### Instructions for the task
Please reproduce exactly the line that contains "this 1280×720 image." and every line after it through the end of the records below, adding nothing else.

BEGIN Records shown

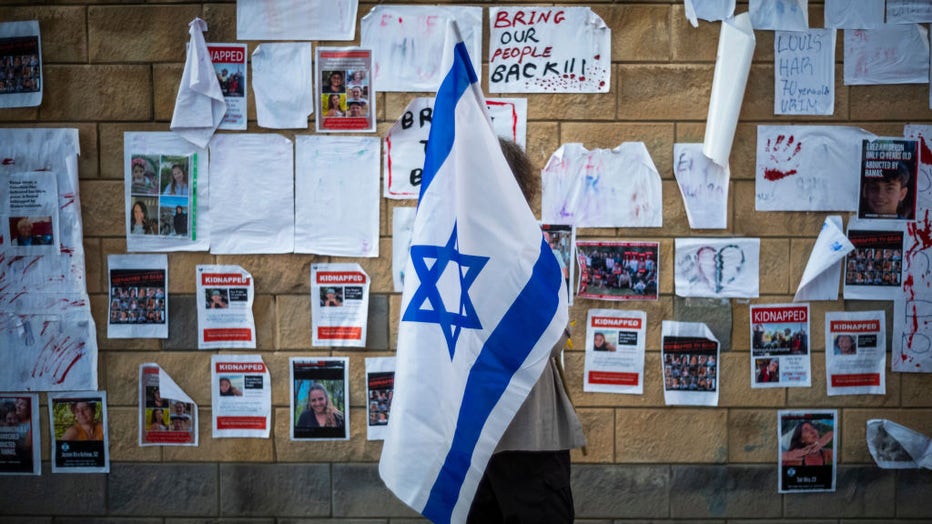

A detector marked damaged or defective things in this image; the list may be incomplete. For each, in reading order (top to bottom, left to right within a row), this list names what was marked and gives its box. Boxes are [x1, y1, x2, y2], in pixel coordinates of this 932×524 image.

torn paper [0, 21, 41, 109]
torn paper [170, 18, 225, 148]
torn paper [251, 42, 314, 129]
torn paper [237, 0, 356, 41]
torn paper [362, 5, 484, 92]
torn paper [488, 6, 612, 93]
torn paper [684, 0, 736, 27]
torn paper [708, 12, 756, 168]
torn paper [748, 0, 808, 31]
torn paper [776, 29, 832, 115]
torn paper [828, 0, 884, 28]
torn paper [840, 25, 928, 84]
torn paper [124, 132, 209, 253]
torn paper [208, 132, 294, 253]
torn paper [294, 136, 376, 256]
torn paper [382, 95, 528, 199]
torn paper [540, 143, 664, 227]
torn paper [672, 142, 732, 228]
torn paper [752, 125, 876, 211]
torn paper [108, 255, 168, 340]
torn paper [196, 266, 255, 348]
torn paper [672, 238, 760, 298]
torn paper [792, 215, 852, 300]
torn paper [844, 219, 904, 298]
torn paper [137, 364, 196, 446]
torn paper [211, 356, 270, 438]
torn paper [364, 358, 394, 440]
torn paper [584, 310, 648, 396]
torn paper [660, 322, 716, 408]
torn paper [828, 312, 884, 392]
torn paper [868, 420, 932, 468]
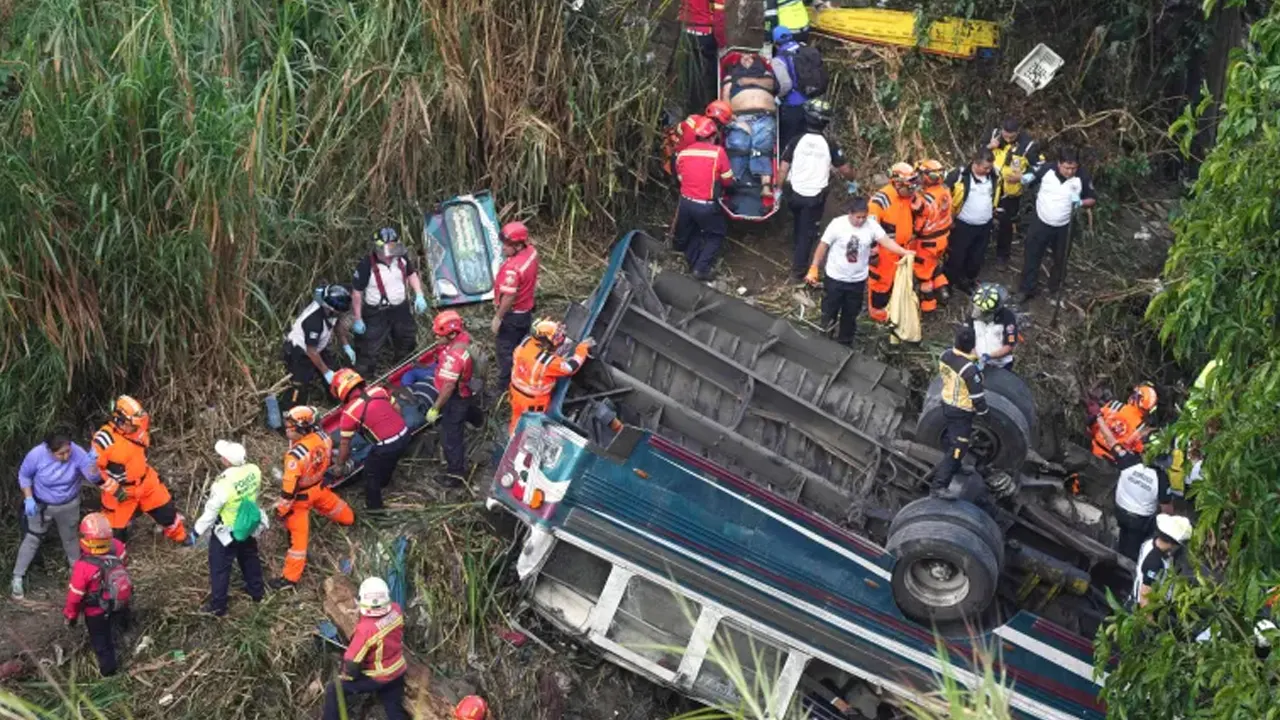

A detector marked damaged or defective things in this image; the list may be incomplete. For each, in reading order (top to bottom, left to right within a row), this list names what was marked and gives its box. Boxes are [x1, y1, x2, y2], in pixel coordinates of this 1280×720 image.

overturned bus [484, 233, 1128, 716]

END Records shown

### Output for this task
A detector marked damaged or defective things in this image; the list may be incomplete. For each, in reading order (top to bottom, left to right within a row), this list names what was marked and gives its box. Boxes are [x1, y1, x2, y2], in pixel coordinates of this 1280×720 image.

overturned bus [484, 233, 1128, 716]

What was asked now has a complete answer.